── SOURCE DATA ──

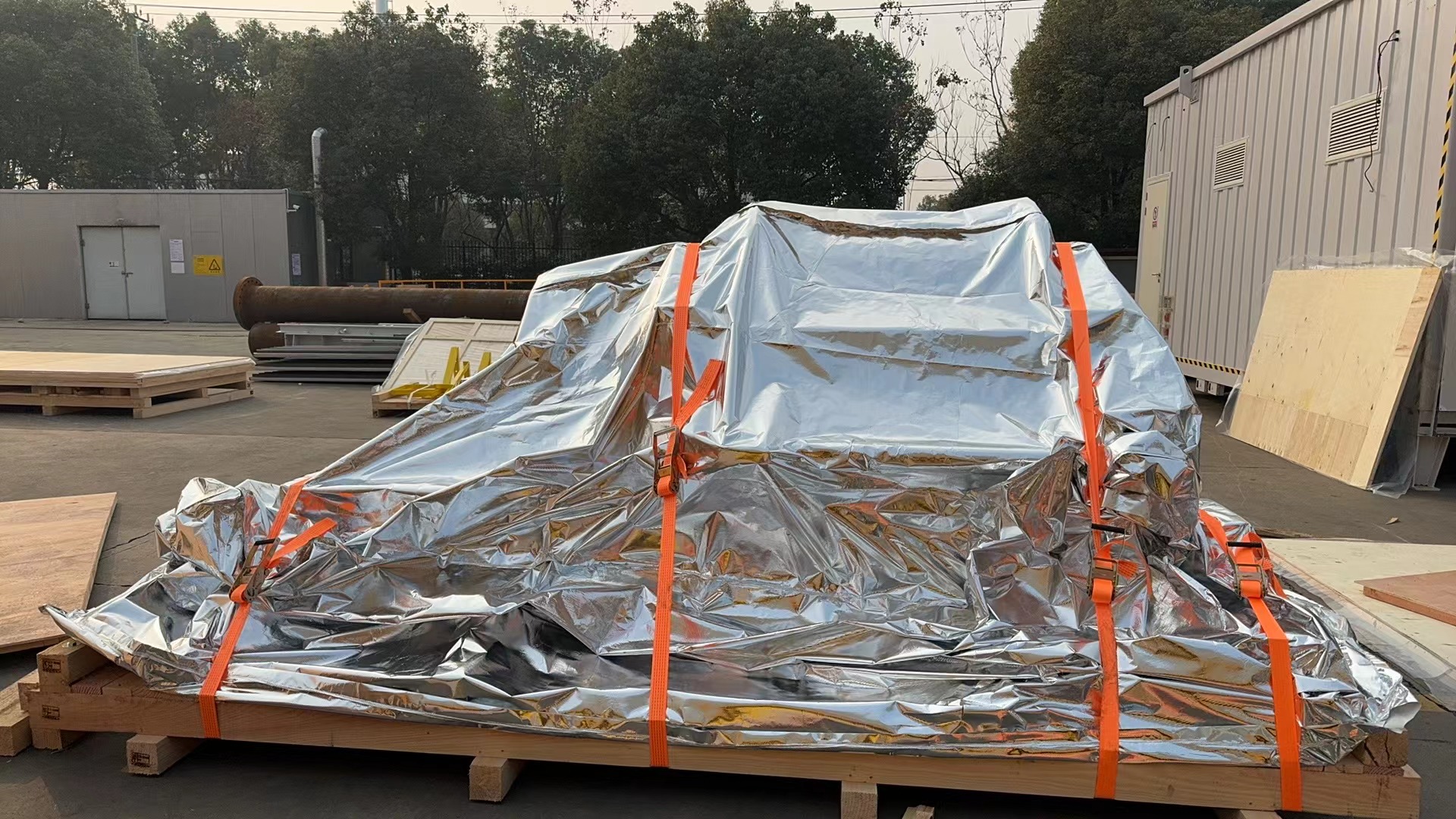 木包裝箱為何會變色？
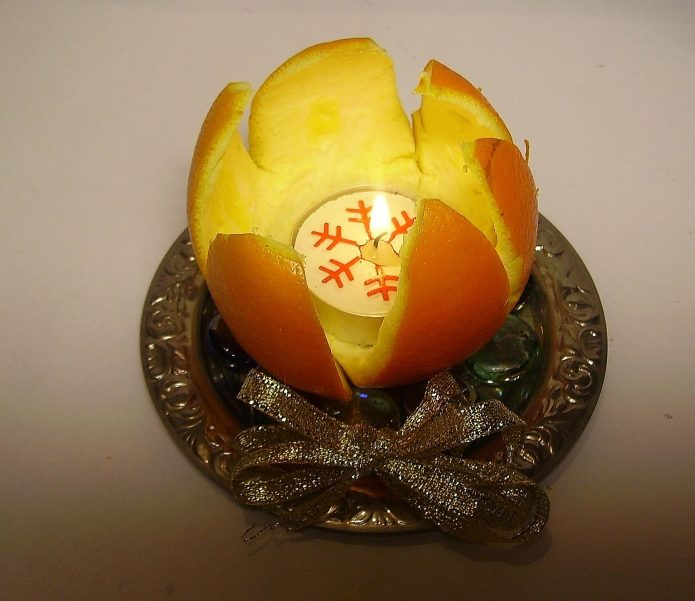 Sfeșnic de coajă de mandarină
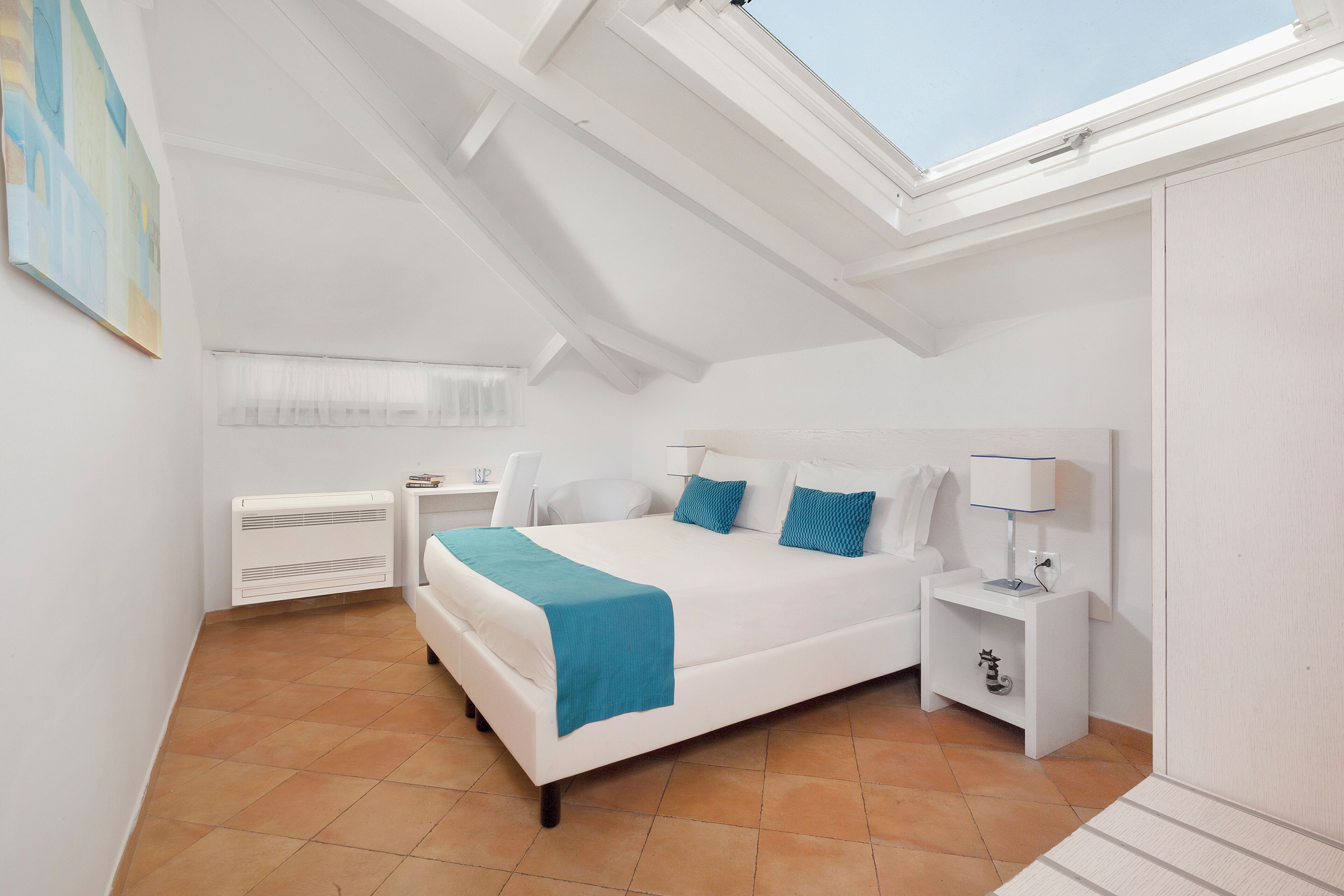 apartment, 3 bedrooms | premium bedding, down duvets, in-room safe, desk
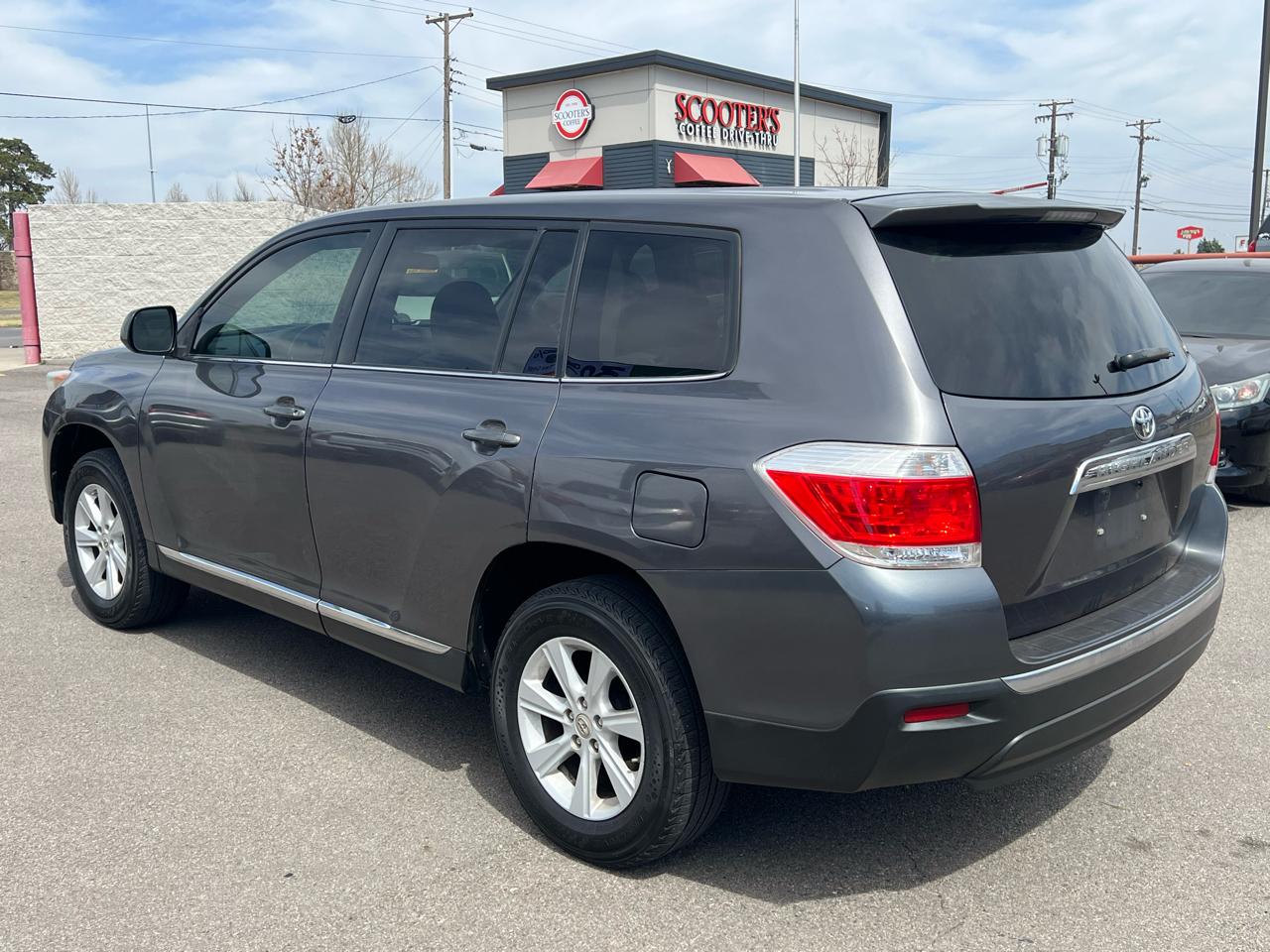 Toyota Highlander Base 2WD I4 2013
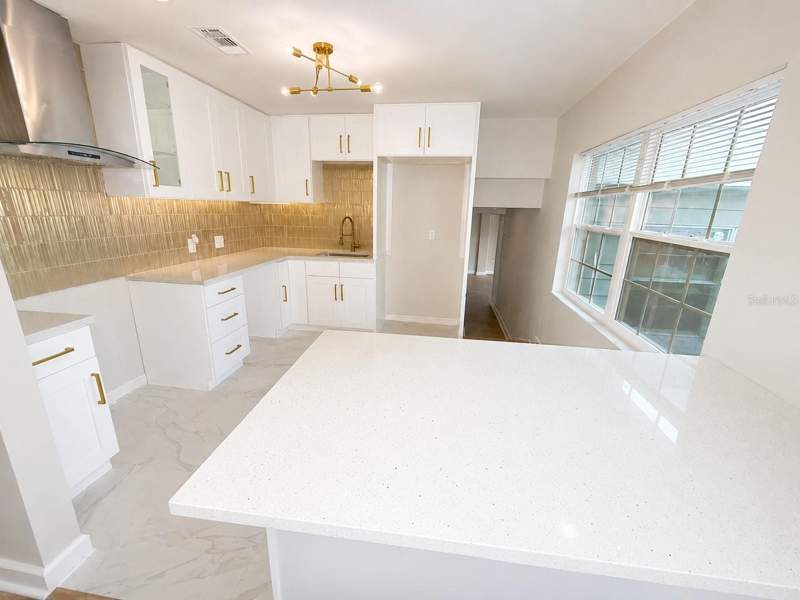 4 bedroom Single Family Residence at 118 2nd Street, Pelican Point, Ruskin — photo 2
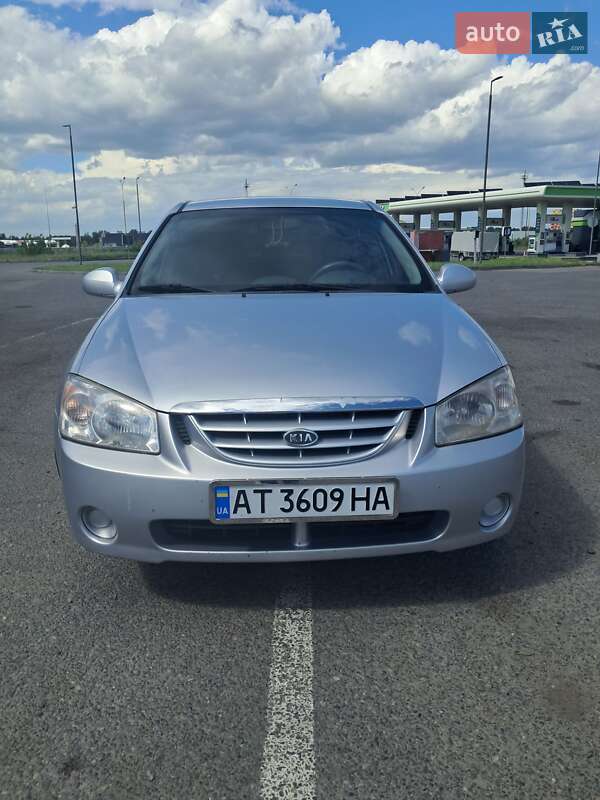 2005 kia cerato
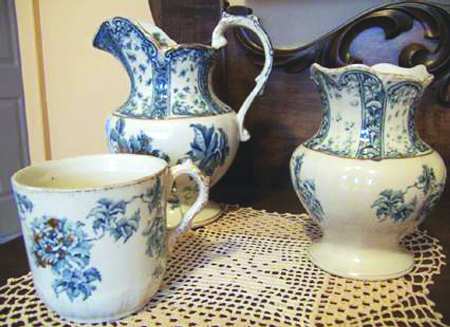 Fashoda Creamer by Dudson, Wilcox & Till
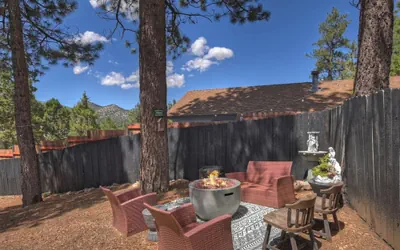 Bear Cub Cottage with HotTub & Firepit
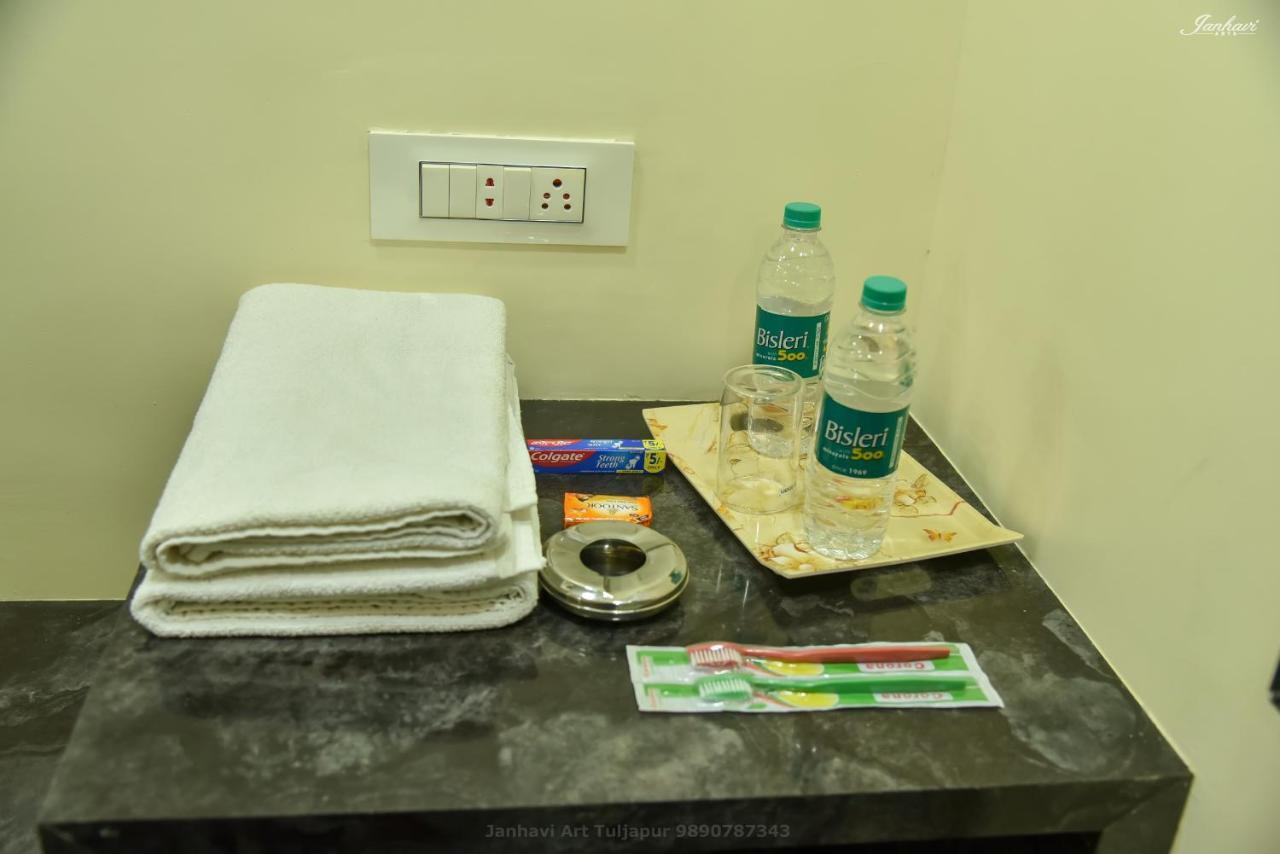 Pawan Executive Tuljapur Luaran gambar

───

## EXERCISE INSTRUCTIONS
Print, exactly and without pictures, the lines from the one holding "4 bedroom Single" through the last line of the entries above, both included.

## ANSWER AREA
 4 bedroom Single Family Residence at 118 2nd Street, Pelican Point, Ruskin — photo 2
 2005 kia cerato
 Fashoda Creamer by Dudson, Wilcox & Till
 Bear Cub Cottage with HotTub & Firepit
 Pawan Executive Tuljapur Luaran gambar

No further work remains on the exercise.